En matière de communication politique, les réseaux sociaux talonnent la télé

La « reconfiguration des médias » et son impact ont été abordés hier lors d'une conférence-débat organisée à l'USJ.

Jacques Gerstlé, à gauche, et Stéphane Bazan sur la tribune.

Le paysage médiatique s'est beaucoup modifié depuis le début des années 2000 : même si la télévision reste en tête dès qu'il s'agit de communication politique, les médias sociaux lui emboîtent le pas, suivant des statistiques récentes présentées par Jacques Gerstlé de l'Université Paris I, lors d'une conférence-débat hier à l'Institut des sciences politiques (ISP) de l'Université Saint-Joseph.
Une montée fulgurante qui invite à se poser de nombreuses questions concernant l'impact de ces nouveaux médias sur la scène médiatique et l'accès à l'information, dans les démocraties occidentales comme au Liban et dans les pays arabes, dans un contexte de « reconfiguration des médias », comme l'appelle l'expert.

Le second intervenant, Stéphane Bazan, professeur à l'USJ, s'est penché plus particulièrement sur le cas du Liban et de la région.
La télévision, même en perte de vitesse d'un point de vue du nombre de spectateurs, reste la grande référence en matière de communication politique, talonnée par des médias sociaux qui bénéficient d'une audience jeune, ce qui présage d'un avenir certain.
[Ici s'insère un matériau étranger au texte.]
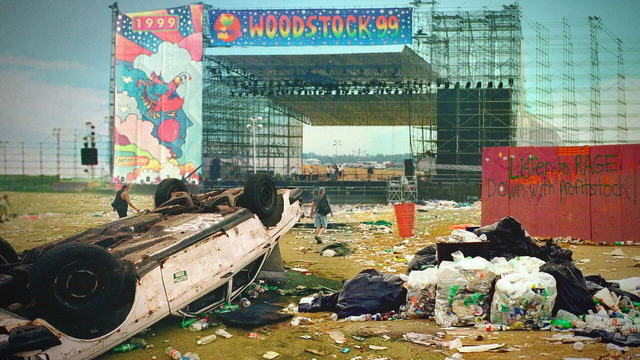 Das Fyre Festival der Neunziger: Woodstock ’99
Selon Jacques Gerstlé, les médias sociaux interviennent désormais activement dans la création et la transmission du contenu de la communication politique, ils ouvrent la voie à une participation et une interaction pour les citoyens, ainsi qu'une accessibilité aux différents sites et une visibilité. Parmi les principales transformations du paysage médiatique constatées suite à ces changements, une extension considérable de l'offre d'informations, une fragmentation de l'audience des télévisions après la multiplication du nombre de chaînes – locales, information en continu... –, une augmentation des cas d'« exposition sélective », autrement dit le choix presque exclusif de chaînes qui correspondent aux idées politiques du téléspectateur.
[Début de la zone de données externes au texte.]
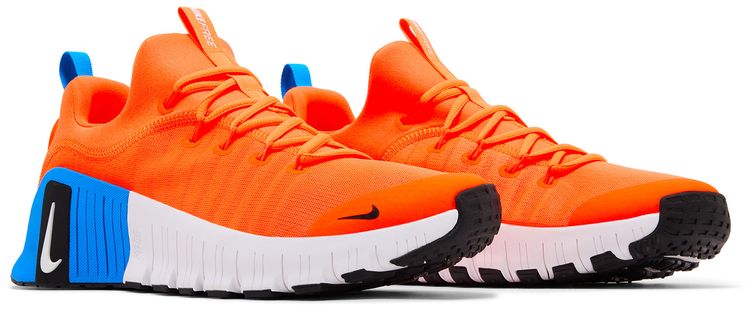 Nike Free Metcon 6 Total Orange Photo Blue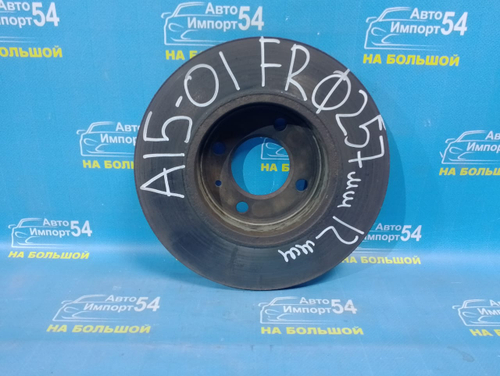 Диск тормозной передний CHERY AMULET A15 2007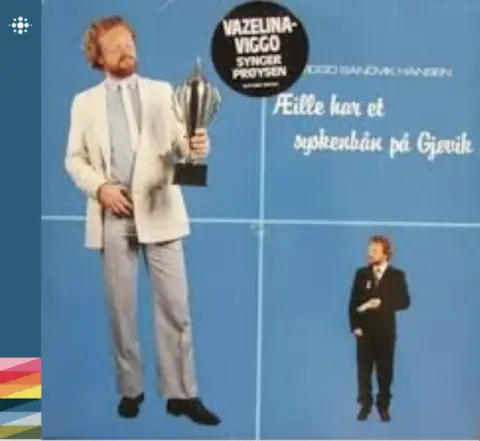 Viggo Sandvik Æille Har Et Syskenbån På Gjøvik (CD)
Dans le cadre du débat, l'expert français s'est demandé jusqu'à quel point cette « reconfiguration » des médias s'applique au cas du Liban et des pays arabes, si la domination de la télévision persiste et si l'émergence des réseaux sociaux est comparable à l'Occident, si la prolifération des médias mène, là aussi, à une fragmentation de l'audience, et dans quelle mesure cette potentielle fragmentation conduit à une exposition sélective. Le public libanais étant déjà fragmenté politiquement, que donnerait une polarisation d'origine médiatique (par les médias sociaux), qui viendrait se greffer sur la première ? s'est-il demandé. Il a transposé sur le cas libanais un débat bien plus global, celui de savoir si Internet revitalise la démocratie, ou s'il n'est qu'un prolongement des médias traditionnels et ne change par conséquent pas grand-chose. Il en a dégagé deux scénarios possibles dans le cas du Liban : soit les jeunes réussissent à capter le rejet actuel des hommes politiques et faire émerger de nouveaux leaders, soit les structures sociopolitiques traditionnelles conservent leur contrôle et bloquent tout changement par leur mainmise confessionnelle.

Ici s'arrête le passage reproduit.